Fa sempre un brutto effetto sentir la parola guerra, soprattutto quando a pronunciarla è il premier di un paese dell’Ue. «Se, dopo il completamento di North Stream 2 (il gasdotto in costruzione che porterà gas russo in Germania dal 2019) verrà valutato che il sistema ucraino di trasporto del gas non sarà più necessario, allora cosa fermerà Putin dal marciare su Kiev?» si è chiesto il premier polacco Mateusz Morawiecki domenica, durante un intervento a una conferenza sul futuro delle relazioni transatlantiche svoltosi ad Amburgo. Secondo il leader polacco «nessuno crede che questo gasdotto sia un progetto economico» e non invece uno strumento dei russi a fini espansionistici. E per corroborare la sua tesi ha scomodato persino il Lenin de «L’imperialismo», dimostrando, seppur in modo falsificato, che alcune categorie cacciate dalla porta della storia rientrano dalla finestra.

«SARETE SORPRESI di chi sto per citare ma Lenin ha detto che “i capitalisti sono così avidi che ci venderanno la corda su cui li impiccheremo”. Ora noi europei dobbiamo pagare i russi per il gas, i quali guadagneranno enormi somme di denaro che investiranno nelle loro forze armate per poi poterci aggredire. Questa è la logica di ciò di cui Lenin stava parlando». Che dietro il sasso polacco sulla guerra in Europa ci sia la longa manus americana ne sono convinti a Mosca. Dmitry Peskov, portavoce ufficiale di Putin, ha sostenuto che quella di Morawiecki è una «dichiarazione infelice». Nord Stream 2 «è un progetto commercialmente valido ed economicamente interessante non solo per la Russia, ma anche per i destinatari del gas in Europa, in primis la Germania», ha dichiarato ai cronisti il portavoce del Cremlino, definendo poi le insinuazioni polacche un tentativo di politicizzare il progetto.

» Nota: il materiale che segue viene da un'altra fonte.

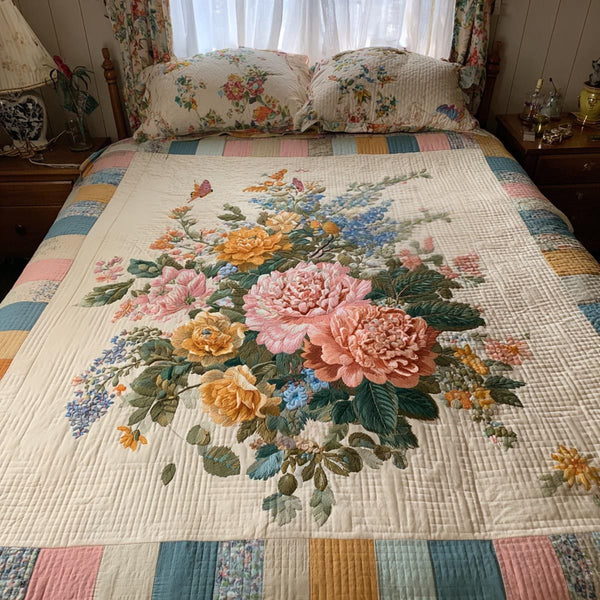 Spring Bouquet quilted 3-piece bedding set on a made bed with two matching pillow shams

L’eventualità che Mosca possa infilarsi in una guerra di conquista, rompendo prima di tutti proprio con la Germania, appare davvero poco credibile. Tuttavia il richiamo polacco potrebbe contenere un grano di verità. Sul destino dell’Ucraina si sta giocando una partita complessa che potrebbe condurre alla sua spartizione. Varsavia, divenuta ormai l’alleato più zelante degli americani in Europa, punterebbe a riportare dentro i propri confini le provincie della Galizia sottrattegli nel 1939 con il patto Ribentropp-Molotov, una prospettiva che trova sempre più sostenitori in Ucraina occidentale tanto più si allontana la speranza che il paese, al collasso economico e sociale, possa entrare nella Ue nei prossimi anni.

DELLA PARTITA sarebbe sicuramente parte l’Ungheria di Orbán che ha messo gli occhi sulla regione ucraina della Transcarpazia abitata da 150mila persone di origine magiara. Mike Pompeo, sabato scorso, ricevendo a Washington il suo omologo ucraino Pavlo Klimkin ha ribadito che il paese slavo «non ha migliore amico degli Usa nella lotta all’aggressione russa», malgrado ciò alla Casa bianca sembra si guardi già al dopo Poroshenko che nei sondaggi pre-elettorali viene dato sicuro perdente nelle presidenziali di marzo.

L’EVENTUALITÀ della balcanizzazione dell’Ucraina potrebbe diventare, extrema ratio, appetibile anche per Mosca. Già ad Helsinki lo scorso luglio a fronte del congelamento degli Accordi di Minsk, Putin avrebbe prospettato la possibilità a Trump di annettersi le Repubbliche del Donbass, seppur via referendum. Un’ipotesi che era stata ripresa rozzamente da Salvini in «Ucraina Orientale ai russi e il resto agli occidentali». Una sistemazione che probabilmente non porterebbe stabilità nella regione ma il pericolo di convulsioni ancora più drammatiche.